My favorite characters in the film are Irontown’s women. These are former sex workers freed by Eboshi, who perform the essential function of working the bellows to keep the furnace running. And these are no ordinary women: they boss the men around at times, openly flirt with Ashitaka (hinting at a polyamorous society), and do hard, physical toil for days on end.

These things wouldn’t be possible without the wealth, power, and possibilities from industrialization. Eboshi is at war with nature because she wants to see her town prosper, and her people live dignified lives. Miyazaki himself is a staunch critic of many aspects of modernity in his films (mostly war and environmental damage) but seems to prefer the zone where progress does not uproot the past entirely but coexists with it.

On the other hand, this is that rare portrayal of nature that is not all teeming greenery, babbling brooks, and frolicking deer. San and her wolf family routinely attack warriors and innocents alike in an attempt to get rid of the humans that encroach on their land, and their hatred for humans comes across as outright bigotry in some scenes. Even the all-powerful Deer God gives and takes life away on a whim, much like nature itself.

Jigo also has his own peculiar but familiar logic for his actions: that humanity is hardwired to want and accumulate stuff, and there’s nothing particularly wrong with him doing his best to get what he wants.

All this results in feelings of great confusion accompanying awe while the story progresses; Eboshi is obviously wrong to seek the extinction of the nature gods, but isn’t nature also cruel? Why shouldn’t Eboshi be a humanist and provide for her people the way she does? Could material progress ever be sustainable? There aren’t clear or easy answers.

All these conflicts end up in a climactic battle fought on no less than 3 fronts: with the samurais besieging Irontown, Eboshi and Jigo hunting the Deer God, and Ashitaka and San trying their best to stop it all, developing a romance in the process. For some reason, the sheer scope of this conflict, especially in moral terms, makes your typical Avengers movie battles look like water balloon fights at a kid’s birthday party in comparison.

True to form, the movie ends on an ambiguous note; not giving too much away, there is a semblance of compromise between Eboshi and San, and the inkling of hope for a better future, but we don’t know for sure how it’s going to turn out. Even the romance between Ashitaka and San doesn’t fully materialize, as each of them realizes the greater responsibilities they bear to their constituents. So they (ambiguously) agree to do the medieval equivalent of “let’s stay in touch”.

I want to re-emphasize why this film (and nearly every other Ghibli film) is so great; kids can watch it for the jaw-dropping animation and a storyline even they will find engaging**. Adults can also watch it for the jaw-dropping animation, but there’s so much to unpack and think about; a movie that not only engages your eyes but your mind and heart as well.

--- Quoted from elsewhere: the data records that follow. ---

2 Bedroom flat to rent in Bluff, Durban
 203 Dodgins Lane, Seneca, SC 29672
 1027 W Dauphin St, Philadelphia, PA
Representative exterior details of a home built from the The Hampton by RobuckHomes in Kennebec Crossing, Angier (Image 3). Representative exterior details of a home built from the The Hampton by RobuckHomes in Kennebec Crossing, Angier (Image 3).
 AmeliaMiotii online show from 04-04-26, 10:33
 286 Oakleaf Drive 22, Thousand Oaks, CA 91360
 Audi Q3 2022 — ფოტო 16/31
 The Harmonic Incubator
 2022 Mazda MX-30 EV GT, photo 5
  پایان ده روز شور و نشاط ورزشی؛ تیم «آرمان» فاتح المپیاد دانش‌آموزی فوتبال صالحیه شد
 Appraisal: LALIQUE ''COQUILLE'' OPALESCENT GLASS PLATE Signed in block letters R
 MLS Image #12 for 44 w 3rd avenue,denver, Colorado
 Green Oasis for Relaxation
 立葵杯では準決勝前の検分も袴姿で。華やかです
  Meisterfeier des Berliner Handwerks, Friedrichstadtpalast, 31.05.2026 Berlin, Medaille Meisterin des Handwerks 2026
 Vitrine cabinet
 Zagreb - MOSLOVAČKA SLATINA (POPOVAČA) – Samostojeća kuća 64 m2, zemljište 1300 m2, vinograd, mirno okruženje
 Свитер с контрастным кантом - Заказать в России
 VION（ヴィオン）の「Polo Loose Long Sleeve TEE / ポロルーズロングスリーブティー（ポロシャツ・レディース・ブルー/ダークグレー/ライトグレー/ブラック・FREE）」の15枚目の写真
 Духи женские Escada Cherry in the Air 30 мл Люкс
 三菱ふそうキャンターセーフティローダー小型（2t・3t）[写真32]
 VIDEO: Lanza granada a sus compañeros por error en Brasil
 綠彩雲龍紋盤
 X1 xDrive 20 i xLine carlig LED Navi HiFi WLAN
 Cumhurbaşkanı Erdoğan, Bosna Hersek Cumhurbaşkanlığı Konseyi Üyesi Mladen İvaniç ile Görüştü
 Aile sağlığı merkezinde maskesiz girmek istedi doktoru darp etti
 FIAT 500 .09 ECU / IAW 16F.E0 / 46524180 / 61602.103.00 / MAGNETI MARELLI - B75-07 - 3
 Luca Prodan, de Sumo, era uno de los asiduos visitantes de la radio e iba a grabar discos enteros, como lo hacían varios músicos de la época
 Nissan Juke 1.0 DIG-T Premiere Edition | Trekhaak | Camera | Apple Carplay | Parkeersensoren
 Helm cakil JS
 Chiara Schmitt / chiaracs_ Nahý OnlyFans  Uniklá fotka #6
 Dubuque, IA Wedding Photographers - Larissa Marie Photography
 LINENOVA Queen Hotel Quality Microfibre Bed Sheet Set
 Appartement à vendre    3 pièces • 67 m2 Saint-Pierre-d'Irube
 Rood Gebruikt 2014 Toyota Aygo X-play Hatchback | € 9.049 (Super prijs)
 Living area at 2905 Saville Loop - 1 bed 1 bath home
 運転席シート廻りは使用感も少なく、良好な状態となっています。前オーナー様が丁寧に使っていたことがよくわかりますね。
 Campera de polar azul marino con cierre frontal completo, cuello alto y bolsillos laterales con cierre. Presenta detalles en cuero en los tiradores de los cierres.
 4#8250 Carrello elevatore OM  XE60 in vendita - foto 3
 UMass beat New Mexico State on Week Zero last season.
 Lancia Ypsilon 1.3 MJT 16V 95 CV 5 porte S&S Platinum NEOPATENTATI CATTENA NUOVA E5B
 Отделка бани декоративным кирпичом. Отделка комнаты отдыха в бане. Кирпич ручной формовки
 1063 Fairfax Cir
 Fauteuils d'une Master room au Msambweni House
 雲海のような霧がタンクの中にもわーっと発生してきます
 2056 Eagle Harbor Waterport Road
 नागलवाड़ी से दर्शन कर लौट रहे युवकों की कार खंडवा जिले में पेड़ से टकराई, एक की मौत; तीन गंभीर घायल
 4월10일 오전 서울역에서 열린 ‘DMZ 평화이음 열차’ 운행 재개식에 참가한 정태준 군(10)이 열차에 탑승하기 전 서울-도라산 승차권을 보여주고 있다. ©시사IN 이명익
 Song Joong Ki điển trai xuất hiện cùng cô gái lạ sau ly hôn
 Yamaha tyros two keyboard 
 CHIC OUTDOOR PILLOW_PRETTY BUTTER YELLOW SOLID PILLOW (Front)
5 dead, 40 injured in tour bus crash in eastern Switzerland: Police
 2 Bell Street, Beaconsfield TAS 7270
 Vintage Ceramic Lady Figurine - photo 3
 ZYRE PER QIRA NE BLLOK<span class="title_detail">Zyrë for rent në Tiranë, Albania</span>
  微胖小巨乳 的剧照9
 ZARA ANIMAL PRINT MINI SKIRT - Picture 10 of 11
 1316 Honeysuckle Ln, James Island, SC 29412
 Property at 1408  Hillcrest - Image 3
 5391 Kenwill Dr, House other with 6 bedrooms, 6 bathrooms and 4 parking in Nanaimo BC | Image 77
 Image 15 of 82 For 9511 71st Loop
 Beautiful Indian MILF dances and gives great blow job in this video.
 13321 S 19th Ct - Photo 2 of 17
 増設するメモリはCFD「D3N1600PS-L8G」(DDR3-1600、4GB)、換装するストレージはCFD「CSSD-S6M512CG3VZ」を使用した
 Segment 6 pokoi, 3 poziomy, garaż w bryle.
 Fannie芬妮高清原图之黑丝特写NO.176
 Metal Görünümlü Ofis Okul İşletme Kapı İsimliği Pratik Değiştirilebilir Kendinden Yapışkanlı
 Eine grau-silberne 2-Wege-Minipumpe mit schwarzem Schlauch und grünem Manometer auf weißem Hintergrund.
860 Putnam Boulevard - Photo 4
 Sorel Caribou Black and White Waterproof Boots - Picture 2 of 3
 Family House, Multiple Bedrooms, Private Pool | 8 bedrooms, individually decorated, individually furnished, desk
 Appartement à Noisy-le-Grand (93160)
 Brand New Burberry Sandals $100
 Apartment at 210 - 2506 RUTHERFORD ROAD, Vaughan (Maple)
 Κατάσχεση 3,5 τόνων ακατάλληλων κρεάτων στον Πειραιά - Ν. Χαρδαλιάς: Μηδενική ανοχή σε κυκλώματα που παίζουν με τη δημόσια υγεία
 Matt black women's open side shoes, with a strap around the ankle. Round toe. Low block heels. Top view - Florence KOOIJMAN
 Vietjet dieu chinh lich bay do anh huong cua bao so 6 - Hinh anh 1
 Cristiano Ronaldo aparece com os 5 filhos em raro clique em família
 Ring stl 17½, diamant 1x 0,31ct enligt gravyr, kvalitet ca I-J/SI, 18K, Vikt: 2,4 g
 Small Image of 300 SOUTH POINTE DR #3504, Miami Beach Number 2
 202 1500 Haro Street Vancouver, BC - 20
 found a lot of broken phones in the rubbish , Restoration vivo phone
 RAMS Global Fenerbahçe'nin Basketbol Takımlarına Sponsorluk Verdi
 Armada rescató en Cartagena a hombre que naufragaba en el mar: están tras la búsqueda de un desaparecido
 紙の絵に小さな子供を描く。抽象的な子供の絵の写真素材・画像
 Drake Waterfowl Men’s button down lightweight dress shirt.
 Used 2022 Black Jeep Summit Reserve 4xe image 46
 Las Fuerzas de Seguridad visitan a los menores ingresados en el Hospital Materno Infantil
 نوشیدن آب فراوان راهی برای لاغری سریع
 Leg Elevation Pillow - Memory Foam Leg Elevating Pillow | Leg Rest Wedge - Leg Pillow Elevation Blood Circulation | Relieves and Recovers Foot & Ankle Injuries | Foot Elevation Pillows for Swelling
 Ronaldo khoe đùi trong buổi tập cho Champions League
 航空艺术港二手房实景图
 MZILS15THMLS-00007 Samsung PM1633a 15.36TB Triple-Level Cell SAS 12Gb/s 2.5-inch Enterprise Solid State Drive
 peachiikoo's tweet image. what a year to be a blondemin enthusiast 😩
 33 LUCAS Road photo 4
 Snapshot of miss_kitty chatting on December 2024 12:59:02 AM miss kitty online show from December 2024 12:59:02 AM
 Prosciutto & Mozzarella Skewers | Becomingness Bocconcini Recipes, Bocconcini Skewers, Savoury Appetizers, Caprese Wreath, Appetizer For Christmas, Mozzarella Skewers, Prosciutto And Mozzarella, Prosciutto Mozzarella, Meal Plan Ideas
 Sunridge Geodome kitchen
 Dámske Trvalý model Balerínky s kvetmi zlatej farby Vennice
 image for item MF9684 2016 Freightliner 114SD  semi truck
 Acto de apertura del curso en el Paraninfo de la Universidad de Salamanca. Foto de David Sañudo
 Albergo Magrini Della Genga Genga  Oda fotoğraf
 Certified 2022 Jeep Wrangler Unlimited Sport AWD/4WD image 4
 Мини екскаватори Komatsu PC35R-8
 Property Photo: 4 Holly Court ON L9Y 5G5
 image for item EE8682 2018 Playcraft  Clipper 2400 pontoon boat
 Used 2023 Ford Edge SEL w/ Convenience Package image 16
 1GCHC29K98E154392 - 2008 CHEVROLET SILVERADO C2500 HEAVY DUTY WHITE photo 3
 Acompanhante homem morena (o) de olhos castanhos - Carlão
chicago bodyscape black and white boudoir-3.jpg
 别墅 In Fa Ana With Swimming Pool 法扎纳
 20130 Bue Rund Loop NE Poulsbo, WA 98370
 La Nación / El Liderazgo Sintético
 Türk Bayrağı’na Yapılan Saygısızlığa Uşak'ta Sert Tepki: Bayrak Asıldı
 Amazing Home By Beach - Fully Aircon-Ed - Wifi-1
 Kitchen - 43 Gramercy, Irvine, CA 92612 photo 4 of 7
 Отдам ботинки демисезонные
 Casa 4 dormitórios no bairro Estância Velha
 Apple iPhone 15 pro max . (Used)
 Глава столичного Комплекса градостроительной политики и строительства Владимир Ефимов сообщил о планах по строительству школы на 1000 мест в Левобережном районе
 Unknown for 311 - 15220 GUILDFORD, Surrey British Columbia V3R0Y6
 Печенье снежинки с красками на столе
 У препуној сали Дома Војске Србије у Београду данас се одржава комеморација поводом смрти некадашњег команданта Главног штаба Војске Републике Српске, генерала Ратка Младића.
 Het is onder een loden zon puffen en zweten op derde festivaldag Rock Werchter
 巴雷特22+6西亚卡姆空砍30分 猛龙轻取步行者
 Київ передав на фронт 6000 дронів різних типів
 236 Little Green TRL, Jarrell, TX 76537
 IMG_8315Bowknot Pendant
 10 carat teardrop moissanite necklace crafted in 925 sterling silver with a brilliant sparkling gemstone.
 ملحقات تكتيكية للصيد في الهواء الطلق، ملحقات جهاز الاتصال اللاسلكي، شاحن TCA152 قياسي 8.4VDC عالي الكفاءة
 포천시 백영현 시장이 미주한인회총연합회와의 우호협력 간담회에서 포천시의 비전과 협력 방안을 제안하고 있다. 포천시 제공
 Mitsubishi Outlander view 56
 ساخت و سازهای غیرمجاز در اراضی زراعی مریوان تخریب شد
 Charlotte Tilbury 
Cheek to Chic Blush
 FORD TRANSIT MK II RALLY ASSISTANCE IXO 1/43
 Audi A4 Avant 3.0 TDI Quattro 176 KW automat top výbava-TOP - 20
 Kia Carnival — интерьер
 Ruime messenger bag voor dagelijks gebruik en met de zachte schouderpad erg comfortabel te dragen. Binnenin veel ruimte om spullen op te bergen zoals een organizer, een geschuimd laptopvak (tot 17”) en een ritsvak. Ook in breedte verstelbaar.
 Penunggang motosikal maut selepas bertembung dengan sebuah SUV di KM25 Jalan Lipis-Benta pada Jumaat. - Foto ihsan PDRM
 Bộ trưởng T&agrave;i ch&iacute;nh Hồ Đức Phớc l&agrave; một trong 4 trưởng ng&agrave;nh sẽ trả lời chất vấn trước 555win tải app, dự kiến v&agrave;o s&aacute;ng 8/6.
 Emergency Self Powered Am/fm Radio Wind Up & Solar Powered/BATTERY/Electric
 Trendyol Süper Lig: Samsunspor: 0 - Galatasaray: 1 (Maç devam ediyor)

So if you’re one of those people who thinks “aNimAtIoNiSoNlYfOrKiDs”, please change your mind, watch this movie and discover the magical worlds of Ghibli.


*To be accurate, he directly goes into making the storyboards, but often without having the full story ready. It’s still pretty impressive how he doesn’t use written scripts.

**Fair warning, a number of scenes are quite gruesome, so this is probably in the PG-13 category.